Son las 20:35 de la noche en la Península, las 19:35 en las islas Canarias. Adrián Fauro (Alicante, 1994) acaba de salir de currar de la Librería 80 mundos y está volviendo a casa por el camino de siempre, bordeando la playa del Postiguet. Realmente, en Alicante bordeas la playa para ir a casi cualquier parte, pero esta vez no ocurre sin querer: al igual que él se encuentra cerca de la costa para hablarnos de su primer poemario, Odio la playa (Cántico, 2021), nosotros estamos en la playa de Las Teresitas, en Santa Cruz de Tenerife, «pensando «¿qué hago aquí?»», como diría la voz poética de Para odiar la playa porque un día fuimos y me gustó, y metiéndonos en el papel. En el fondo, y tal como nos cuenta Adri, ambos espacios se parecen, pues en ellos coexisten el salitre, los tubos de escape y la combustión; aunque a estas horas todo es diferente y el entorno, calmado y asfixiante, favorece la conversación.
PREGUNTA: Bueno, Adri, pues aquí estamos: cada uno en su playa de referencia, ¡y encima de noche! Desde luego, después de esta entrevista cualquiera podrá discutirte el título del poemario…

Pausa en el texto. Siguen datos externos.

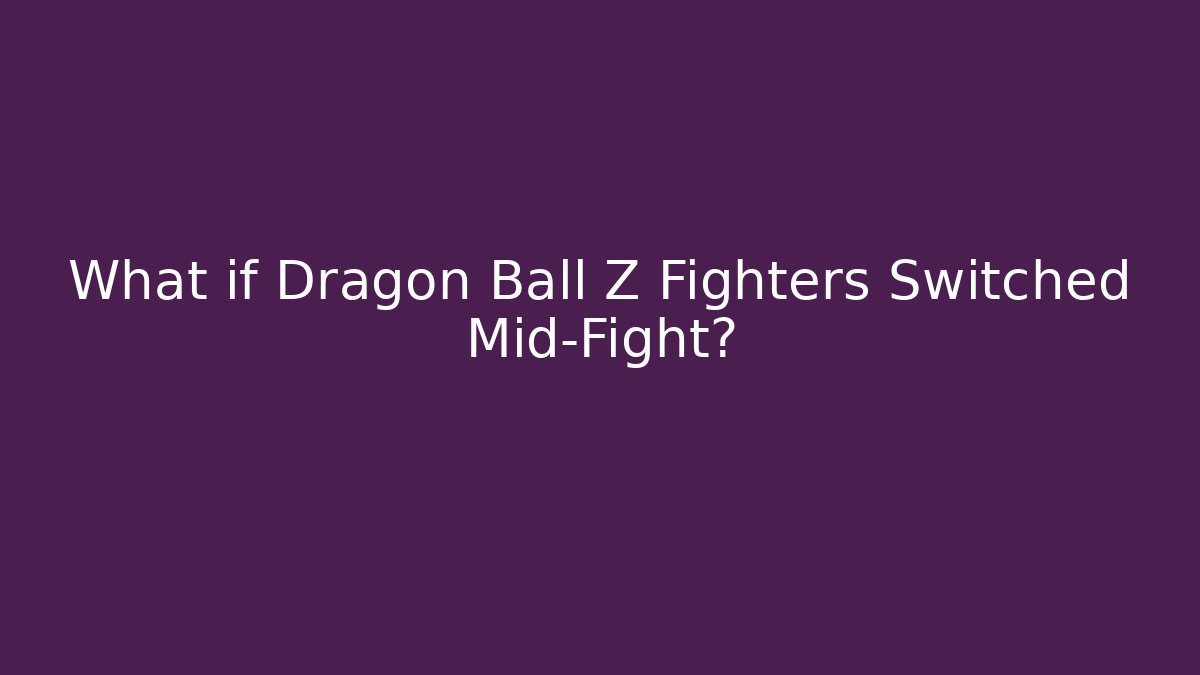 What if Dragon Ball Z Fighters Switched Mid-Fight? - Critter Realm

RESPUESTA: A ver, mi problema con la playa, que es el que usé de excusa en el libro, es que a mí no me gusta ir por las razones arquetípicas: la arena, el baño, el sol… seguir esa inercia, vaya. Para mí, la playa es algo más: una mini representación de lo que realmente es una ciudad; o de lo que una ciudad representa, más bien. Es algo diverso, heterogéneo, y puedes ver en ella distintas clases sociales: hay quienes se ponen más cerca de la orilla, quienes se ponen detrás, quienes llevan una carpa, los que deciden torrarse bajo el sol, personas que compran la comida en un bar y se la lleva envuelta en papel de platina, otros que prefieren almorzar en el restaurante de enfrente… no sé, hay de todo; y esa idea de ir a la playa por el supuesto disfrute que conlleva realizar actividades me parece un poco absurda. Es algo que te puede gustar, y está muy bien que así sea -yo mismo voy bastante, aunque no lo parezca [risas]-, pero lo que quiero decir es que ir por la noche, o ir a un mirador en pleno invierno, aunque haga más frío, también es disfrutar; y que no es necesario tener que ir siempre para consumir o para ejercer una acción concreta y constante.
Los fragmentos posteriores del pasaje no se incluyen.